Due giorni dopo, era l’ora del tramonto, Boccaccio si presentò al palazzo. Aveva con sé quegli zaffiri che gli aveva consigliato il ragazzino per strada: alla fine li aveva comprati. Entrò nella sala gremita di cortigiani intenti ad ascoltare un’adunanza dell’imperatore e assorti in grande mestizia, rigorosamente in silenzio: non una nota musicale né un passo di danza. Accanto all’imperatore stava Andronico, taciturno.
“Buonasera, signore” esordì trionfante Boccaccio, “Posso offrirle un pegno della mia devozione?”
“Chi è mai lei, zoticone?”
“Mi chiamo Giovanni Boccaccio, autore del Decameron e fervido letterato”.
“Fuori di qui!”
“Sia mai, signore. Non me ne andrò finché non la avrò fatta ravvedere circa il potere della letteratura”.
“Puah! La letteratura è soltanto per sognatori invecchiati”, ribatté l’imperatore. “Non è specchio di nulla, non insegna proprio niente e a me non può affatto interessare, né ora né mai!”
“Messere, mi permetta di raccontarle una storia che forse invece non le dispiacerà”. L’imperatore batteva spazientito il piede a terra con uno sguardo funesto e indolente.
“Una storia”, proseguì Boccaccio con un’espressione via via sempre più seria, “di un sottile imporre di silenzio fatto da una gentil donna a un cavaliere. Vedrà come questa non sia altro che la proiezione letteraria (e azzeccata) della realtà”. L’imperatore sembrava non seguire il filo del suo discorso e lo guardava perciò incredulo.
“Parlo della novella di madonna Oretta, donna gentile e costumata e ben parlante, la quale venne invitata da un cavaliere ad essere scortata a cavallo di una delle belle novelle al mondo. Ma il povero cavaliere mancava di arte della parola, di guizzo, di ingegno e si fermava a più riprese tanto da costringere madonna Oretta, ormai ravveduta, a pregarlo di farla scendere… dal cavallo. A cambiare, cioè. Così il cavaliere,inteso il motto, mise mano ad altre novelle e quella non finita lasciò stare e nessun più seppe…”
“Come andò a finire?” lo interruppe quasi nel contempo l’imperatore.
“Vede signore, questo suo commento mi fa intuire che il mio racconto le è interessato. Non si sarà forse anche lei come madonna Oretta per caso “ravveduto”? Sa una cosa? Forse leggere qualche volta in più in questa corte, o, addirittura, scrivere, di più, il tutto unito alla danza e a qualche musica leggiadra, non sarebbe poi tanto male, no?”

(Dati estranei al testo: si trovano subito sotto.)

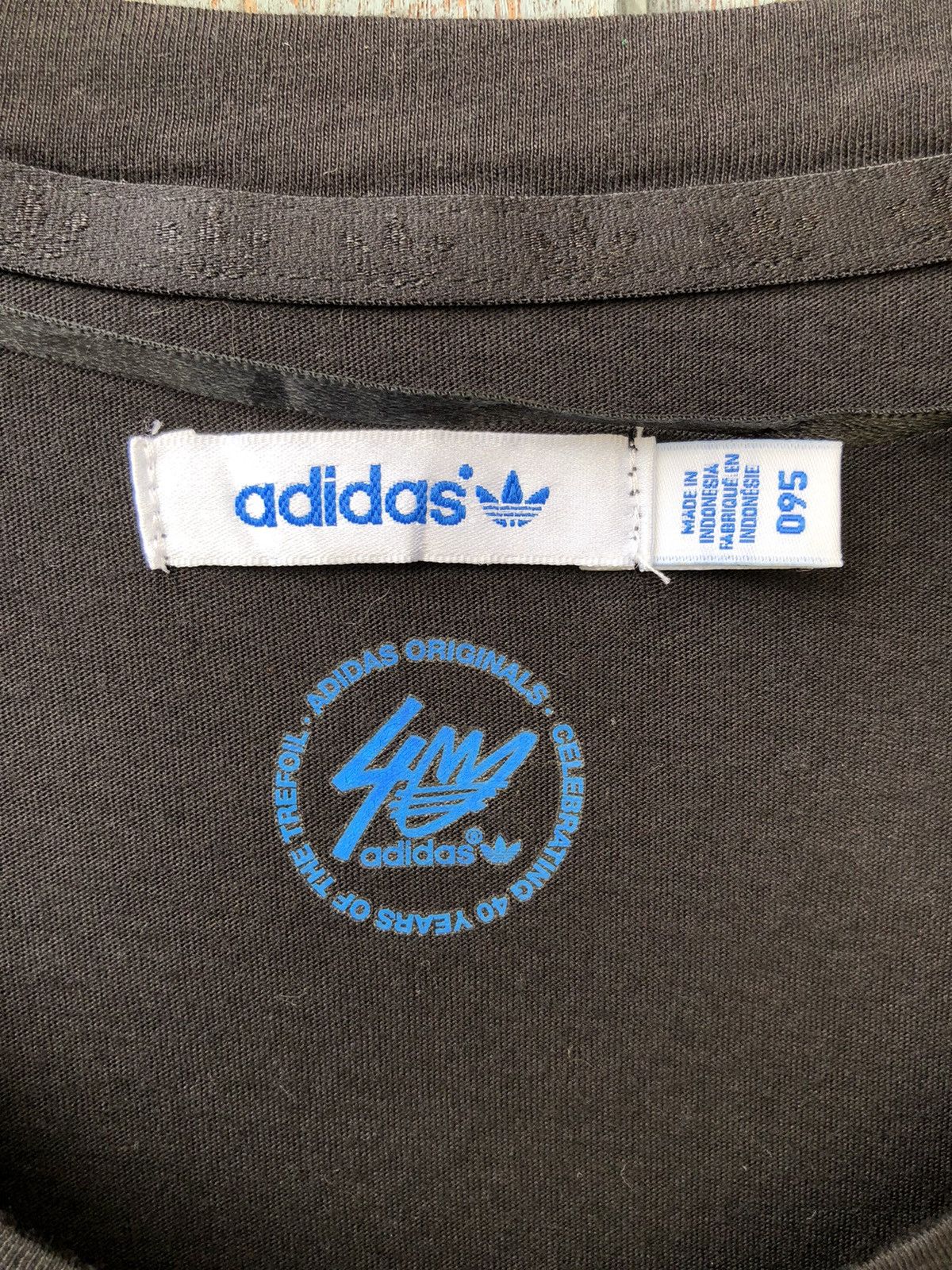 Adidas Adidas Celebrating 40 Years Of The Trefoil Dress Tshirt Size M / US 6-8 / IT 42-44 - 12 Thumbnail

L’imperatore non proferì parola, rimanendo orgoglioso e altero fino in fondo, ma rimase comunque stupito e ammise, forse, di essersi infine sbagliato. L’intento diplomatico di Boccaccio era andato in porto: egli scelse sapientemente la novella particolare di madonna Oretta con l’unico intento pacifico di farlo ravvedere circa la letteratura. Così come infatti la donna ha fatto marcia indietro, ovvero, si era ravveduta della sua scelta sbagliata sul cavaliere, ugualmente l’imperatore si era ravveduto (pur senza farne troppa mostra) del proprio atteggiamento ingiusto sulla letteratura.
Da quel giorno non proibì più ai cortigiani e al figlio Andronico in primis di dilettarsi con la lettura. Così la gioia e il sano divertimento tornarono ad essere presenti alla corte dell’imperatore.
In tutto questo, Boccaccio ha avuto il merito strepitoso di (ri)portare a Costantinopoli la pace e l’antico rispetto per due arti invero europee: la letteratura e… la dolce diplomazia!